A Hopf algebra is an example of an object called a Hopf monoid, which you can define in any symmetric monoidal category. If you have a look at the definition, it looks almost exactly like the definition of a group object, but with tensor products instead of the usual products, and with compatible comultiplication.

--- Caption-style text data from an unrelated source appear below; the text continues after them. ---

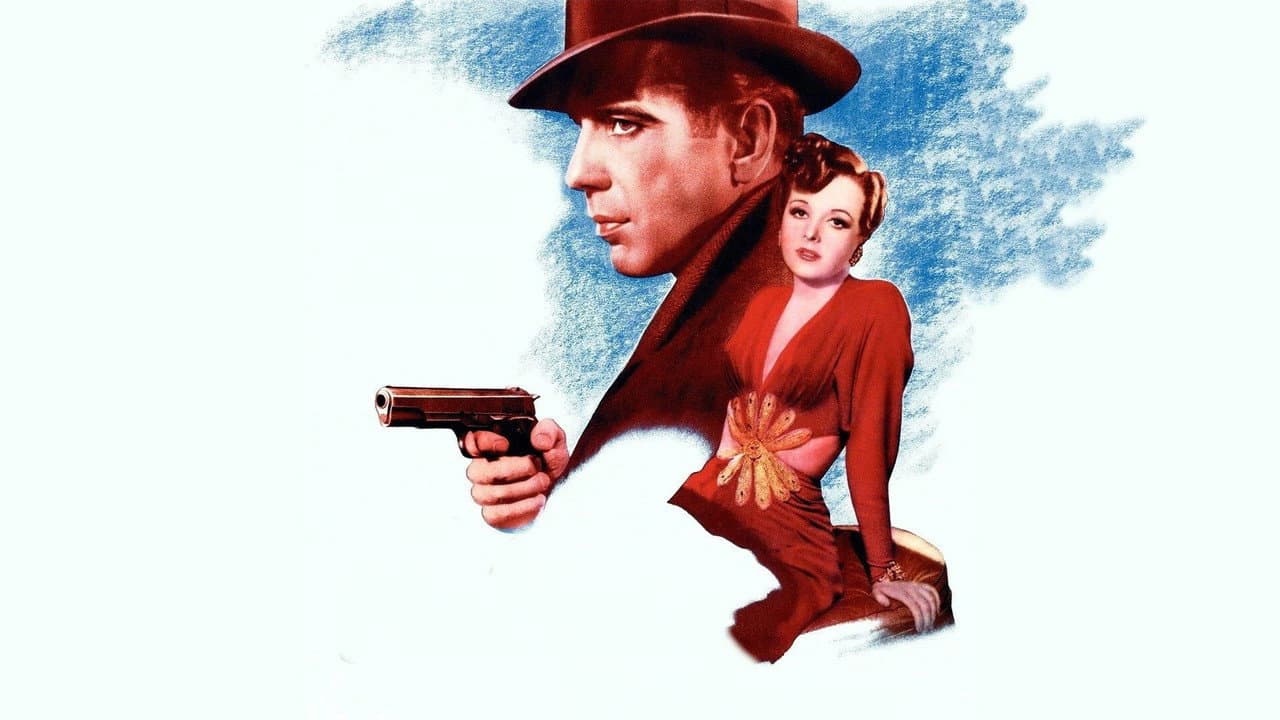 The Maltese Falcon — backdrops 5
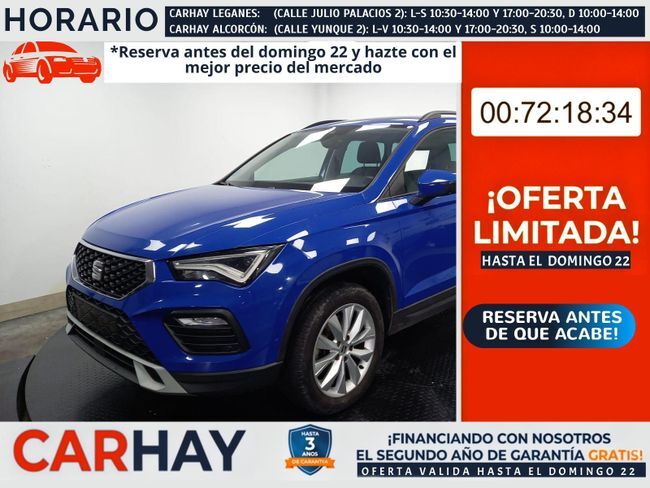 Foto del SEAT Ateca 2.0TDI CR S&S Style Go 150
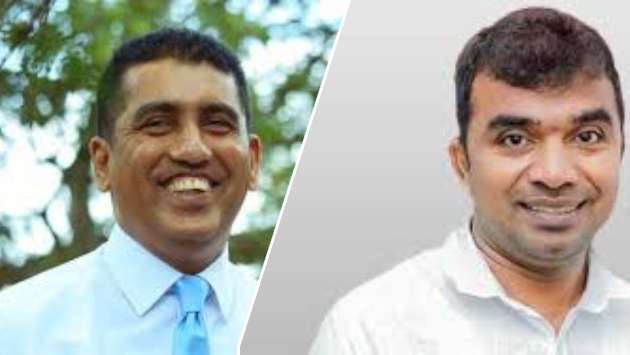 Johnston says Sampath Manamperi is not his coordinating secretary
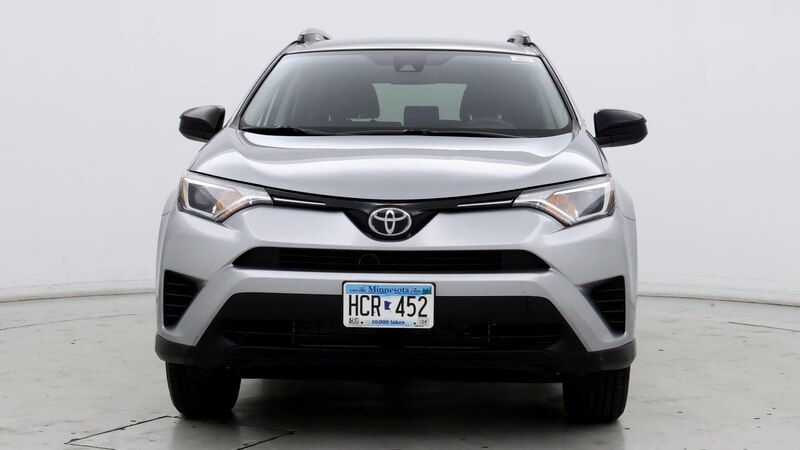 2018 Toyota RAV4 LE 5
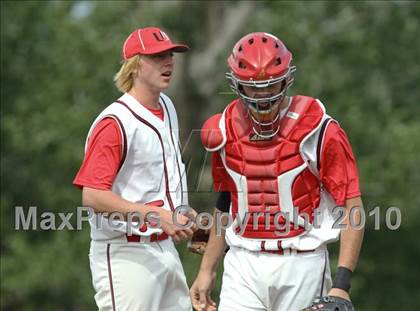 Thumbnail 2 in Central Valley vs. Winters (CIF NS D2 Final) photogallery.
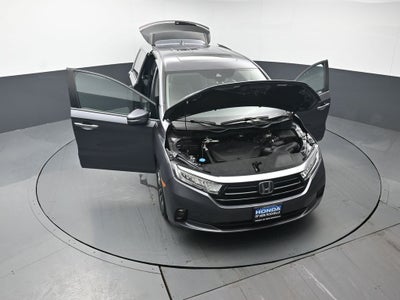 2022 Honda Odyssey EX-L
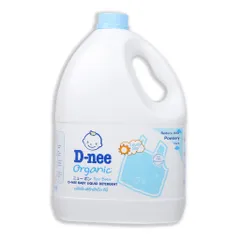 NƯỚC GIẶT DNEE 3L  - Hương thơm nhẹ nhàng mát dịu giúp quần áo bé yêu luôn thơm tho cả ngày 843046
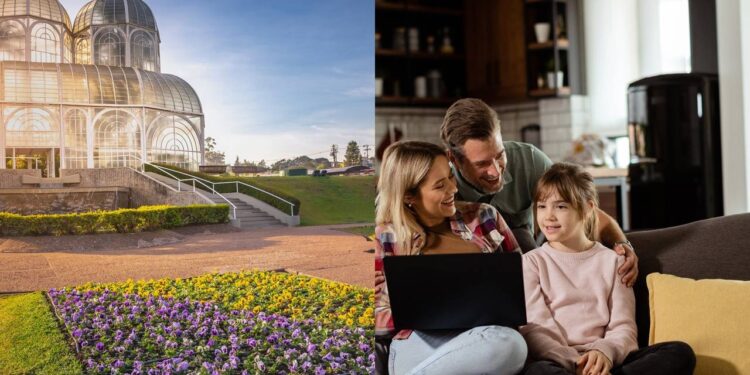 Cidade é ideal para famílias que querem morar com alta qualidade de vida, segurança e muita organização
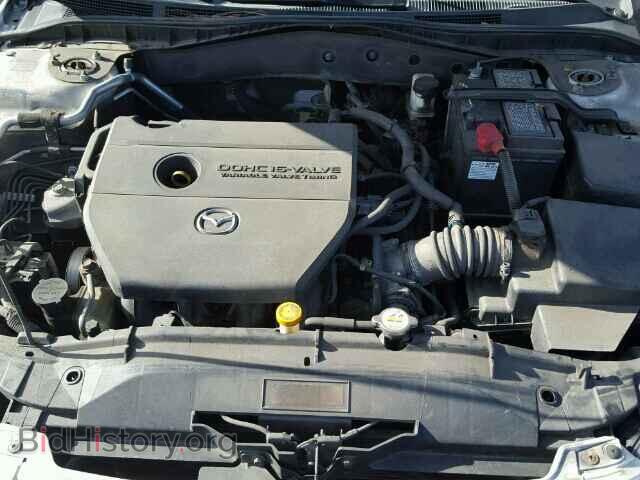 2008 MAZDA 6 - VIN: 1YVHP80C985M13566 - Фото 7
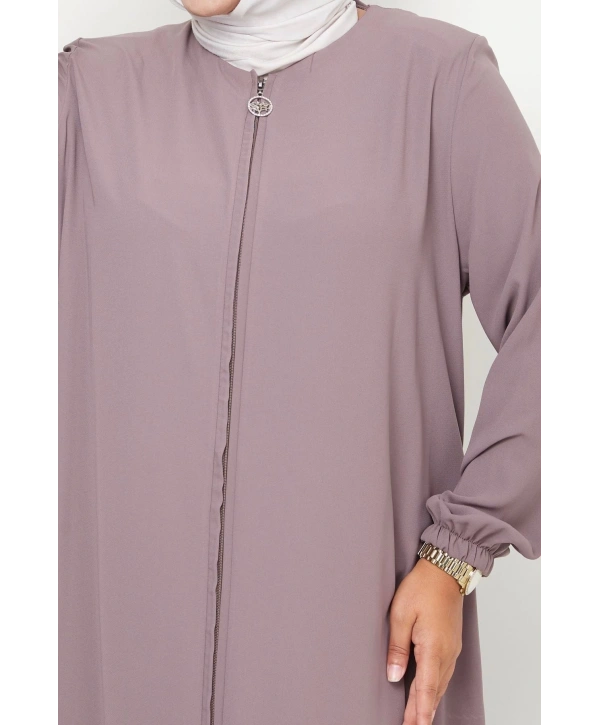 Kadın Büyük Beden Mevlana Ferace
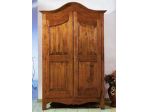 Armadio 2 porte L.125 P.61 H.200 cod 10025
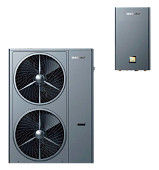 New Energy Suntide 9 кВт, 220 В, R32 + ТЭН 3 кВт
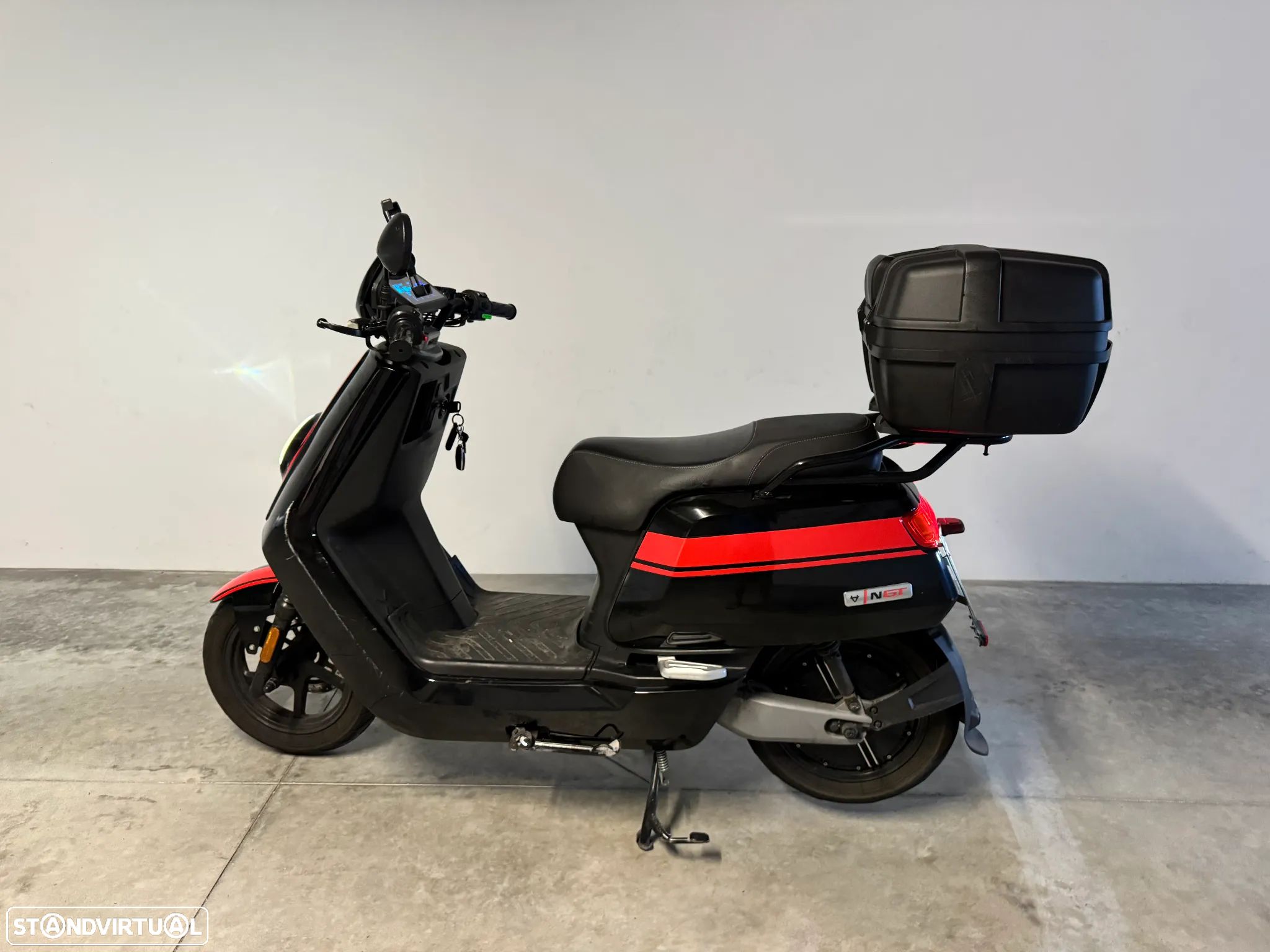 Niu NGT GT Pro - 1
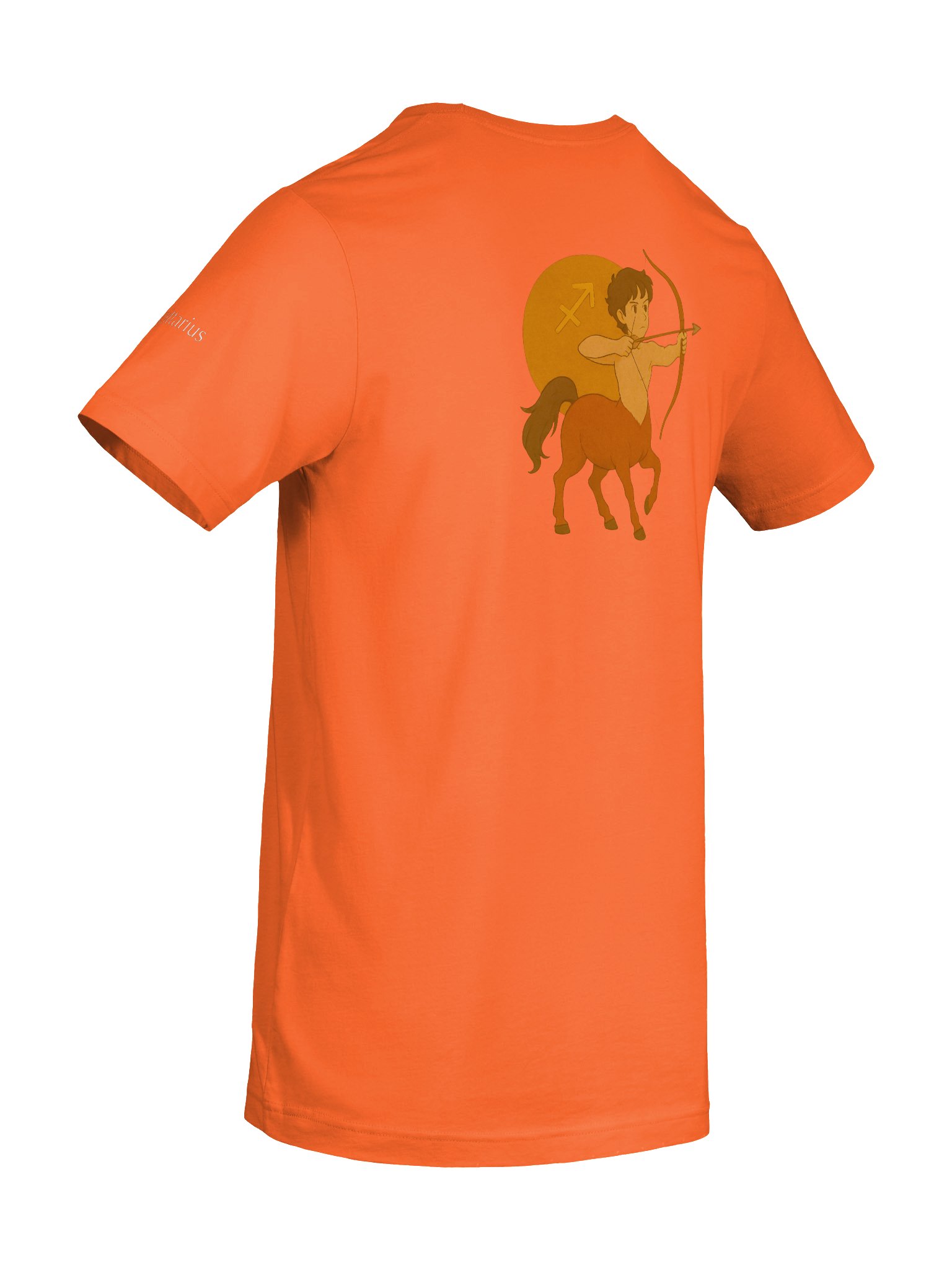 Sagittarius - DREAMY ZODIAC T-Shirts product image (88)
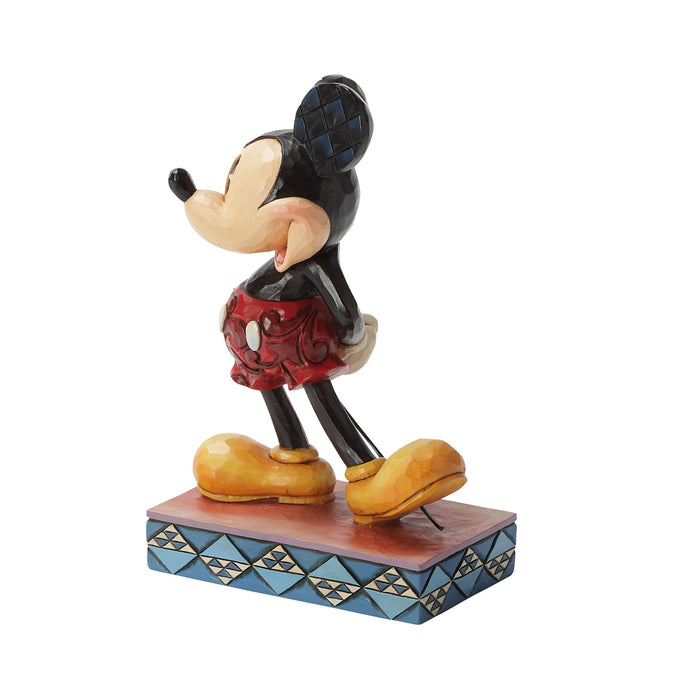 Mickey Mouse Personality Pose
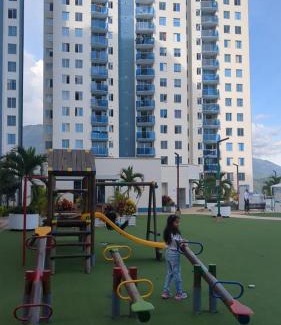 Ibague Apartment | Torreon varsovia etapa 2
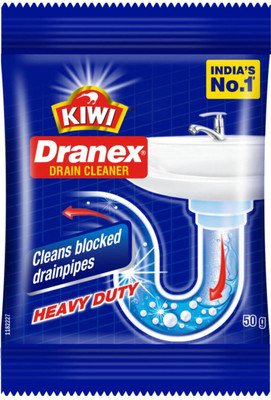 kivi kiwi drain powder Powder Drain Opener(50 g)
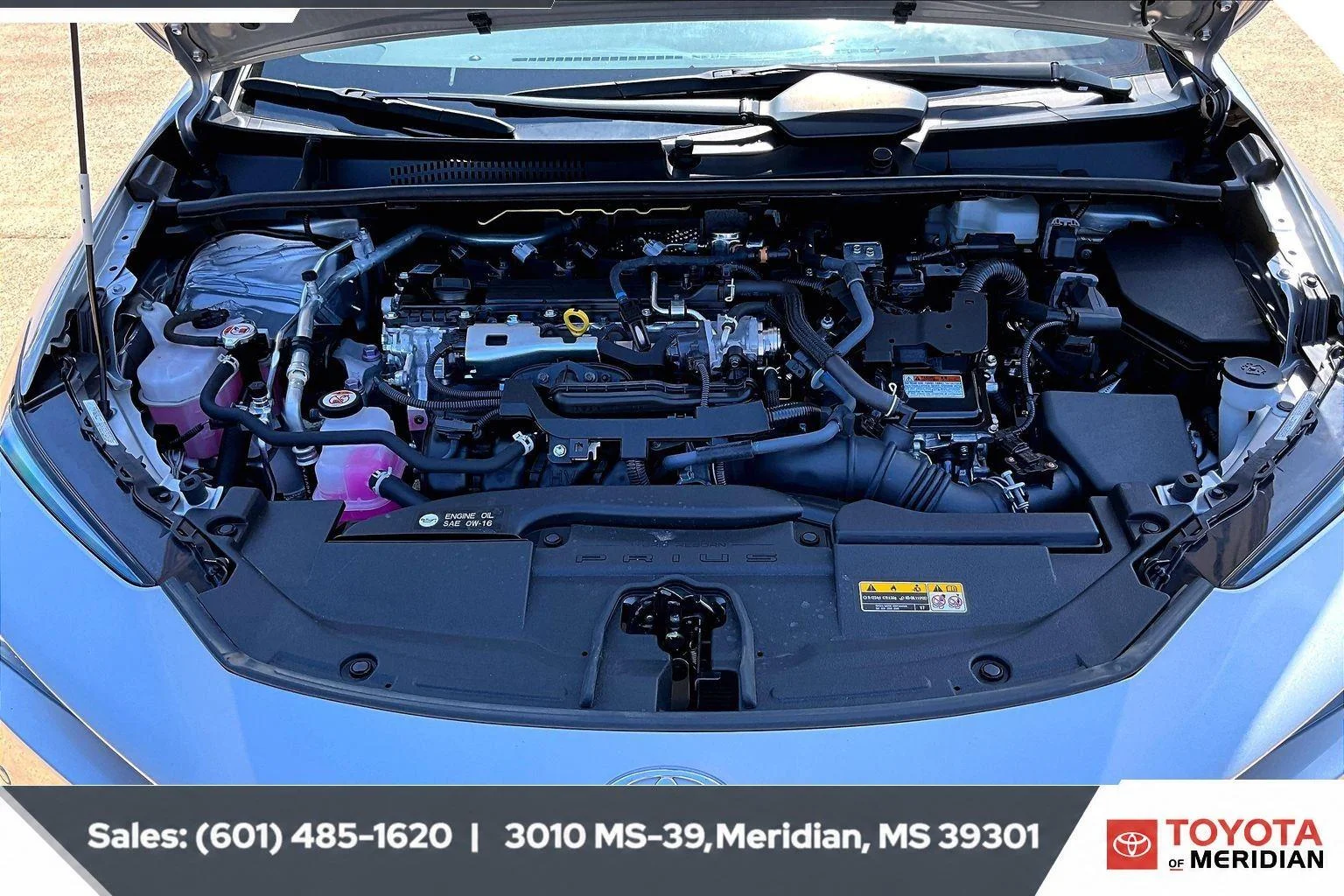 Used 2024 Cutting Edge Toyota LE image 8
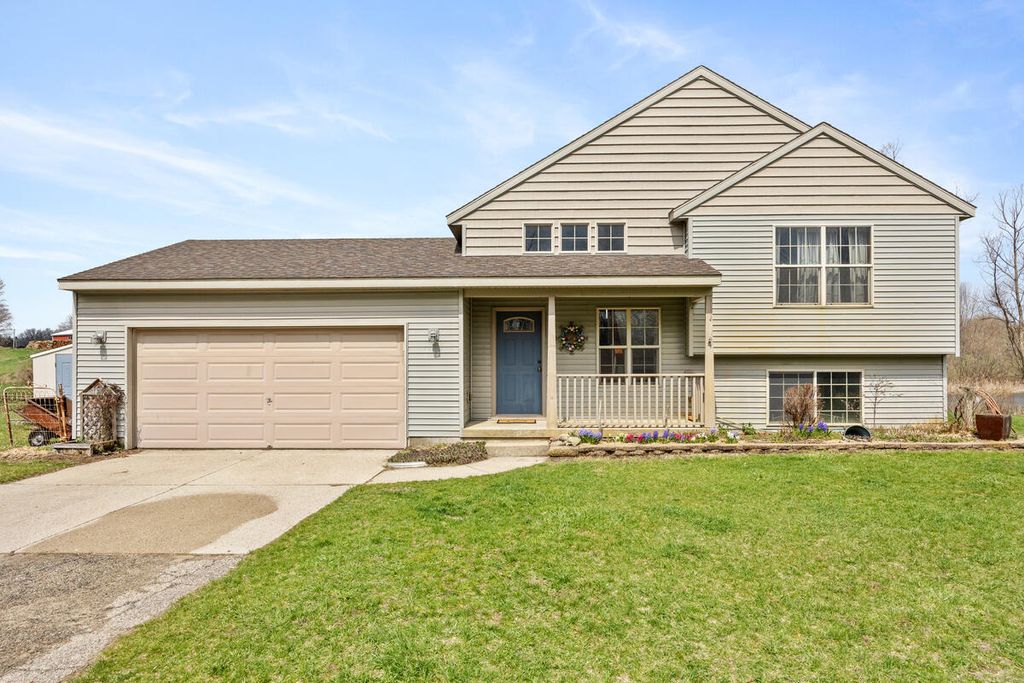 Photo of 10480 Wolven Avenue NE, Rockford, MI 49341 (MLS # 26015832)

However, in any category with products, every object automatically comes with a comultiplication given by the diagonal map, and every monoid object is canonically a bimonoid. Thus, if you consider the category of sets with the Cartesian product as the monoidal product, then a Hopf monoid in the category of sets is precisely a group, and the antipode map is just the inverse map $g \mapsto g^{-1}$ of the group! Similarly Hopf monoids in the category of smooth manifolds are precisely Lie groups.

In the category of $R$-modules ($R$ commutative) with the usual tensor product, a Hopf monoid is just a Hopf algebra. So Hopf algebras are really like "groups" in the category of $R$-modules, and the antipode should be thought of as being like the group inverse.

From the point of view of representation theory, the antipode is essential because it allows you to form the dual representation (just as the antipode=inversion for group representations). This is why, for instance, Lie algebras have dual reps: the universal enveloping algebra is a Hopf algebra!

As an aside: thinking about groups as Hopf monoids in the category of sets is very convenient, because it immediately follows that the tensor algebra $T(V)$ of an $R$-module $V$ is a Hopf algebra, and so is the group ring $R[G]$ of a group $G$.